Modifié le 02 octobre 2017

Amendé pour avoir signalé un contrôle policier sur un groupe WhatsApp privé

Signaler la présence d'un radar de manière publique est proscrit par la loi.
Amendable pour une photo WhatsApp? On en parle / 6 min. / le 02 octobre 2017
Signaler un contrôle de police sur un groupe WhatsApp fermé peut coûter jusqu'à 850 francs d'amende. Où se situe la limite entre privé et public sur le service de messagerie? Les explications de l'avocat Nicolas Capt.

Signaler un contrôle de police sur un groupe WhatsApp fermé peut coûter jusqu'à 850 francs. La mésaventure est survenue à un lecteur de 20 Minutes qui avait publié une telle annonce dans un groupe WhatsApp fermé, mais comportant 200 membres.

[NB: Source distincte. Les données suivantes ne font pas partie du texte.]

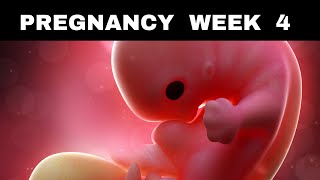 Pregnancy Week 4 Symptoms Changes and Babys Development [upl. by Korella]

Un tel signalement est en effet proscrit par la loi sur la circulation routière. Son article 98a stipule en effet qu'"est puni de l'amende quiconque adresse des avertissements publics aux usagers de la route concernant les contrôles officiels du trafic".

Groupes fermés, caractère privé ou public

Nicolas Capt, avocat spécialiste en droit numérique, précise dans l'émission On en parle la portée de cet article et la nuance autour du caractère "privé" d'un groupe WhatsApp. "On peut avoir des groupes dits "fermés", mais que l'on peut considérer comme publics du fait du nombre de personnes ou de l'absence d'un lien très étroit entre ces personnes".

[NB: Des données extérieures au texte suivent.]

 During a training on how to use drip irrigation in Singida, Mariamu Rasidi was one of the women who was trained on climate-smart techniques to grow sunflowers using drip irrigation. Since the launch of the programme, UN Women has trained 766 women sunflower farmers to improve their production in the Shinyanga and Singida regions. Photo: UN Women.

En l'occurrence, le nombre de personnes appartenant au groupe définit notamment mais pas exclusivement le caractère privé ou public du groupe.

Pour l'avocat, le "lien qui unit les personnes dans un groupe" entre aussi en ligne de compte: "si c'est un groupe dont le lien entre les membres n'est formé que par leur intérêt commun, ici la haine du radar, évidemment le caractère public est plus facilement accepté" que s'il s'agissait des membres d'une même famille.